DATA ASSET

Overturn rates by insurer

Which health insurers deny the most claims — and how often those denials get reversed when patients push back. Numbers below are verified against KFF's analysis of the CMS Transparency in Coverage dataset.

Headline numbers

Across HealthCare.gov Marketplace plans in 2023, insurers denied about 19% of in-network claims. Fewer than 1% of denials were appealed. When patients did appeal, roughly 44% of those denials were overturned in the patient's favor.
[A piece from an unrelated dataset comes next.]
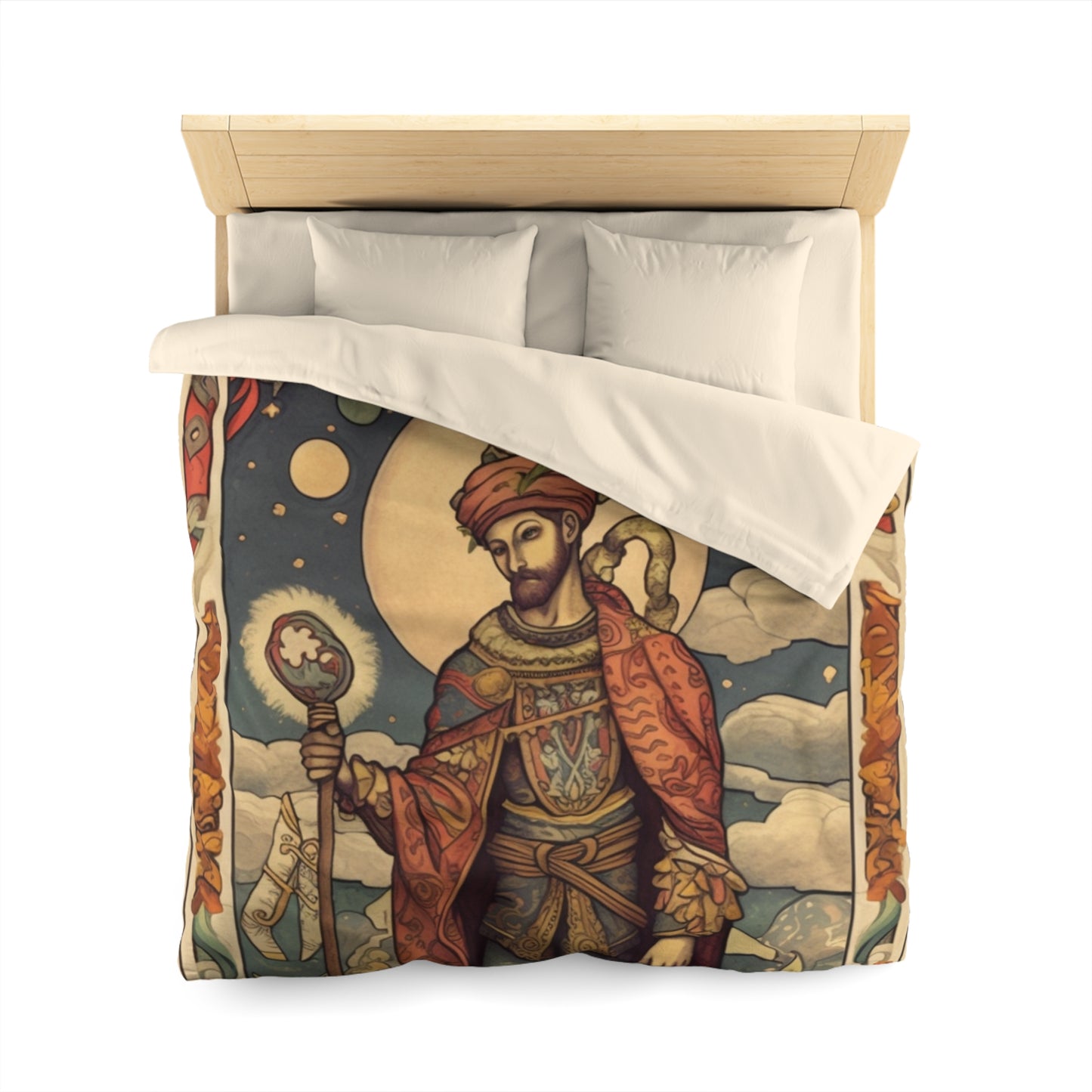 Expressive Tarot - 'The Fool' Card Artistic Reading Symbol - Microfiber Duvet Cover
The takeaway is uncomfortable but useful: appeals work, and most people simply never file one. The table below shows how the six largest US health insurers compare on denial volume and outcomes.

Overturn rate table

Parent insurerIn-network denial rateClaims denied (2023)Overturn rate on appealSource
UnitedHealth Group33%4,670,649~44%2023 • KFF / CMS
CVS Health (Aetna)22%6,796,838~44%2023 • KFF / CMS
The Cigna Group21%3,777,467~44%2023 • KFF / CMS
Elevance Health (Anthem)15%1,453,736~44%2023 • KFF / CMS
Kaiser Permanente7%2023 • KFF / CMS
Humana2023 • KFF / CMS

Verified 2026-06-16. Overturn rate reflects the ~44% federal-HHS aggregate reported by CMS CCIIO where a parent-level figure is not published. Kaiser and Humana are footnoted because they do not report ACA Marketplace data on the same basis (Kaiser sells on state exchanges; Humana exited the Marketplace in 2018).

How to read this data

Denial rate is the share of in-network claims the insurer denied in 2023. It includes both minor administrative denials and full clinical denials. A 22% denial rate does not mean 22% of members were harmed — it means one in five submitted claim lines came back with a "denied" code.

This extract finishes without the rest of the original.